As we celebrate Black History this month, we also shared the story of a black woman who, demonstrating her passion for diversity and equality, became a truly positive role model not only for the community where she lived and worked, but also worldwide.
We discussed the definition of a community - a group of people who live in the same area, or people who have the same belief or the same interests. Our Alveston C of E School community has a shared purpose - striving to ensure Together we all SHINE, we focus on the teaching and learning of children.
As a community we have a shared responsibility to look after one another and to teach and to learn from each other. We also understand we belong to the community of Tiddington and to Stratford as well as being part of a much wider community nationally and globally. 
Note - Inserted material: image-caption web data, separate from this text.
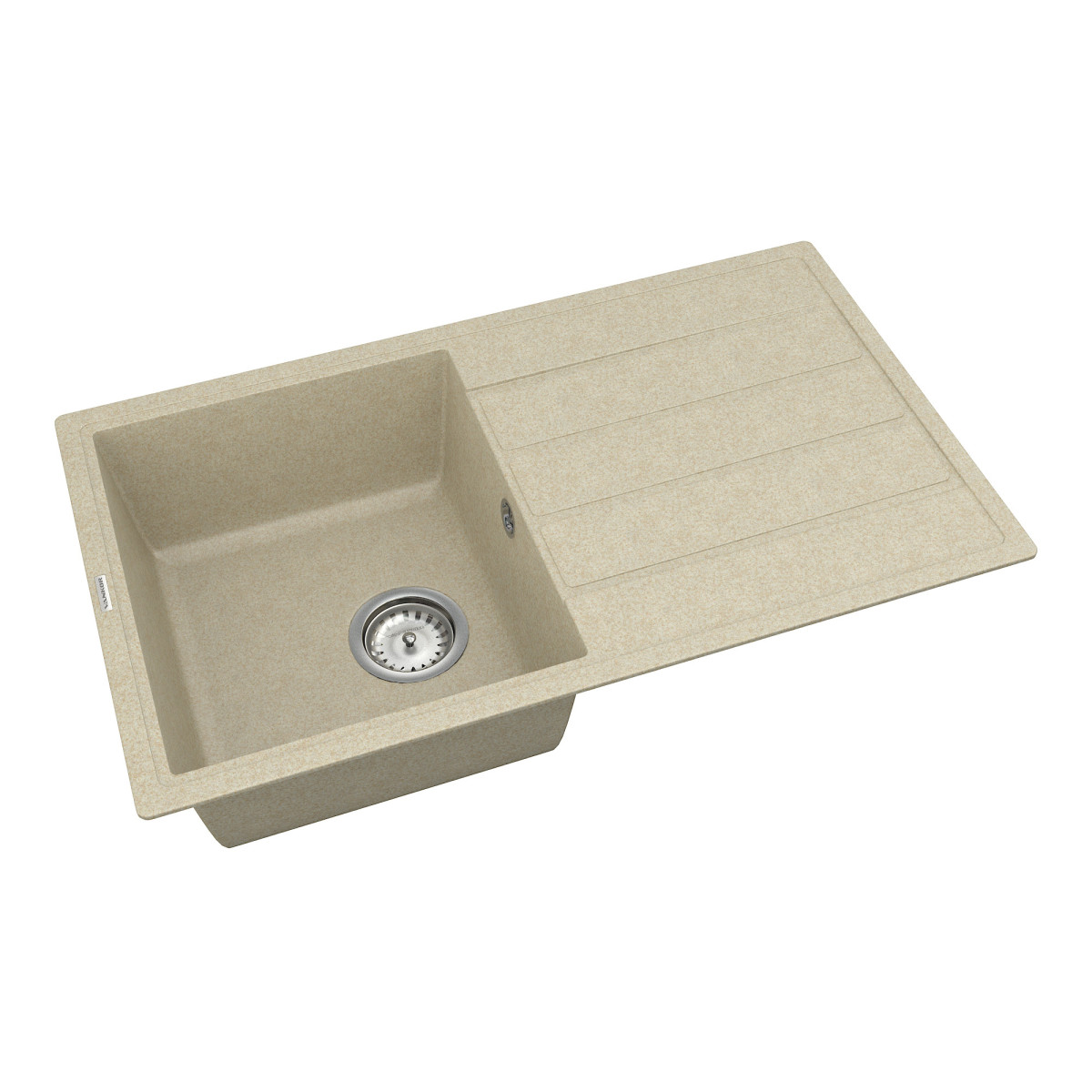 Кухонна мийка VANKOR Easy EMP 02.76 Beige + сифон VANKOR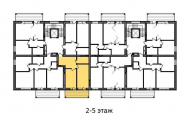 Поэтажная планировка квартир в доме по адресу Замковецкая улица 5-1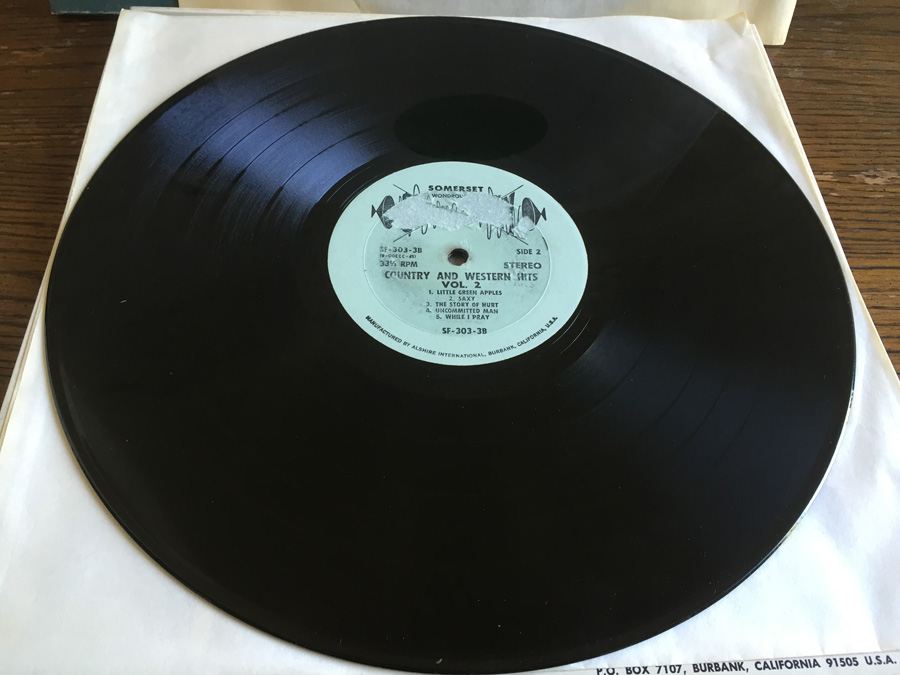 Country And Western Hits Vol 2 - Somerset - SF-303 [Photo 7]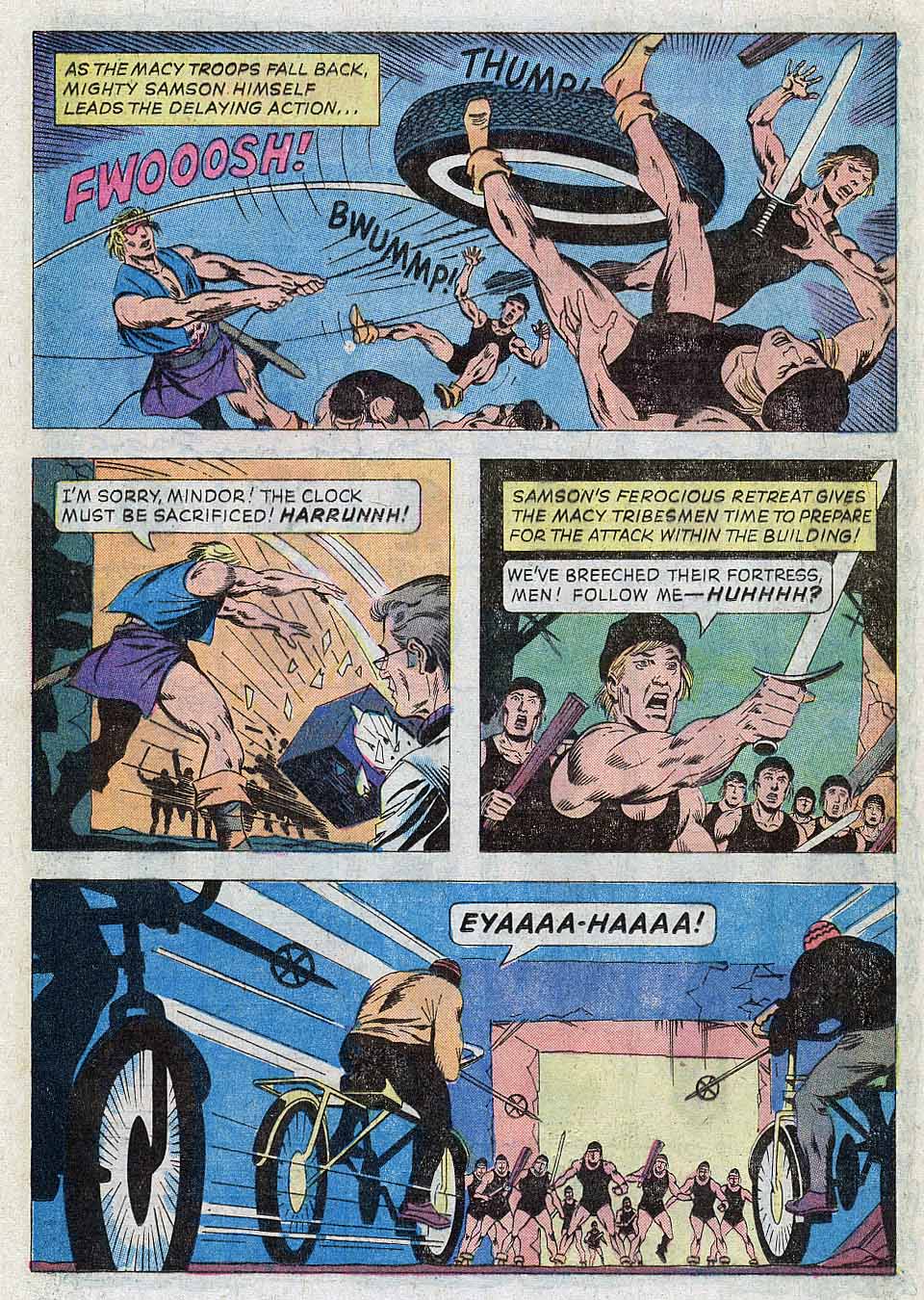 Read online Mighty Samson (1964) comic -  Issue #30 - 24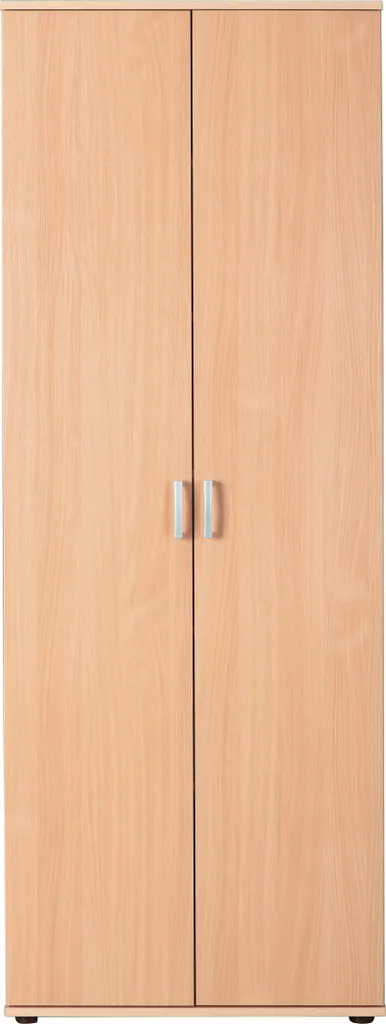 Armoire haute Vetra beige 70 cm de large, 5 niveaux de rangement bureau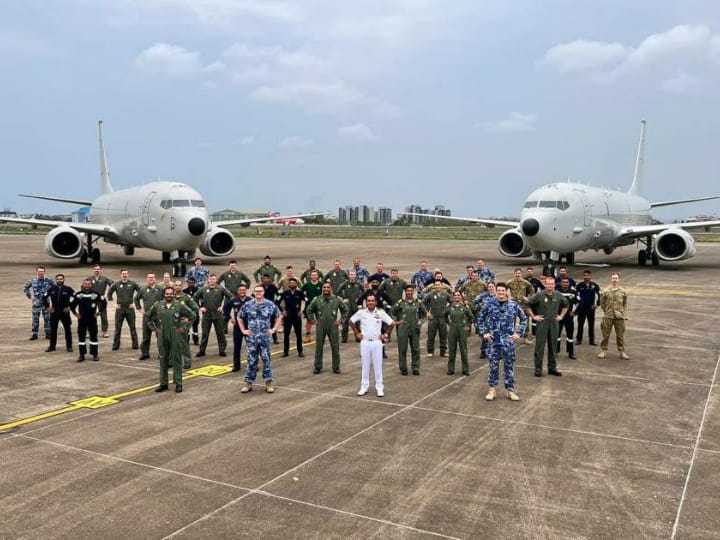 Australian Air Forces P8A aircraft reached India will participate in anti-submarine warfare operation ANN Australian Air Force का P8A विमान पहुंचा भारत, एंटी-सबमरीन वारफेयर ऑपरेशन में लेगा भाग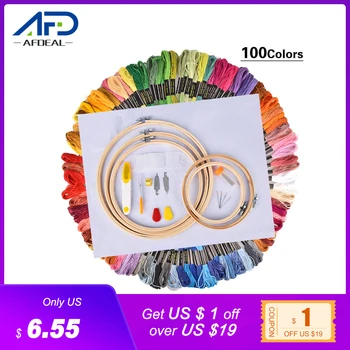 

50/100 Colors Mixed Cross Stitch Cotton Sewing Skeins Pen Needle Set Thread Embroidery Floss DIY Craft Sewing Accessories Tools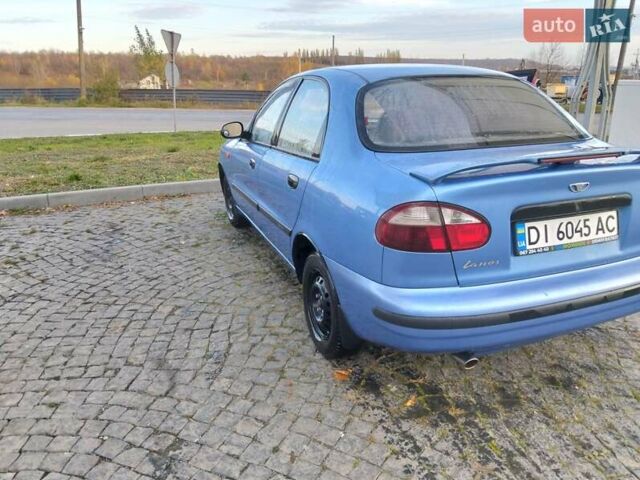 Синий Дэу Ланос, объемом двигателя 1.5 л и пробегом 165 тыс. км за 2999 $, фото 9 на Automoto.ua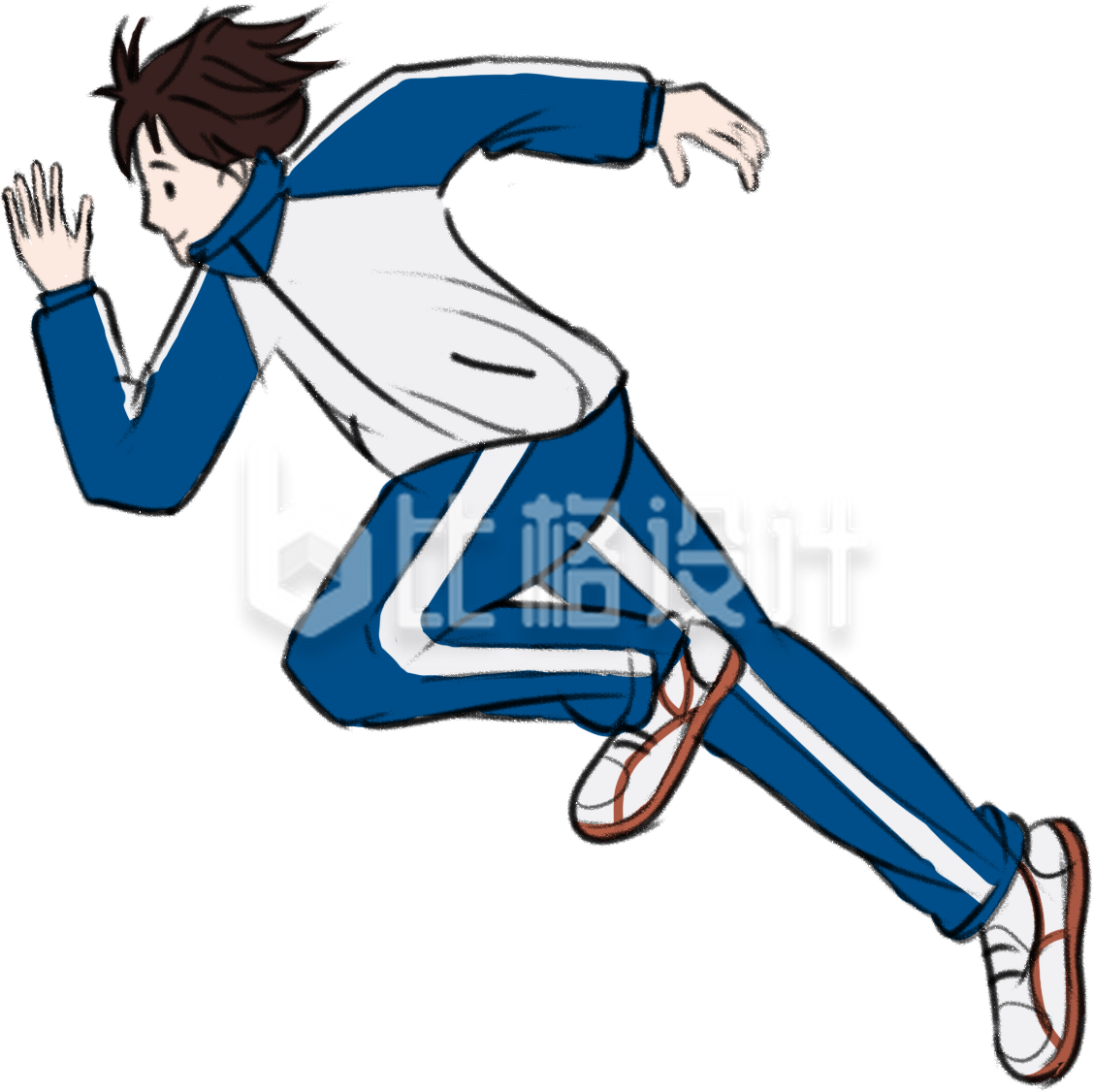 奔跑的学生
The words of the hymn 'When I needed a neighbour' remind us of Jesus' words in Matthew 25, about feeding the hungry, clothing the naked, caring for the sick. It also reminds us of John 1 4:11
"Beloved, if God so loved us, we also ought to love one another."  
We should be there for one another, regardless of our creed or colour. This was the view of a black woman, Rachel Elizabeth Campbell, known as Betty Campbell. She played a significant role not only in her own local community, but also worldwide.
Born in 1934 in Cardiff's docklands to a Jamaican father and a Welsh Barbadian mother, Betty was told she would never realise her dream of becoming a teacher and a Head Teacher. Her teacher at the time told her she would face 'insurmountable challenges as a black woman.' This spurred Betty on! She not only became a Head Teacher of a primary school on Cardiff, she also sat on the UK government's race relations board and introduced Black History Month to the school curriculum.
Nelson Mandela heard about Betty and her work and was keen to meet her. On his only visit to Wales, he sought Betty out!
Betty was awarded an MBE for her services to education and to community life. This month a statue of Betty was unveiled in Central Square, Cardiff. This was the first statue in Wales of any named woman.
Betty put her community before all else and dedicated her life to the education of children. She was a good neighbour.
This week, we are thinking about our community, the role we play within it and asking ourselves, are we a good neighbour?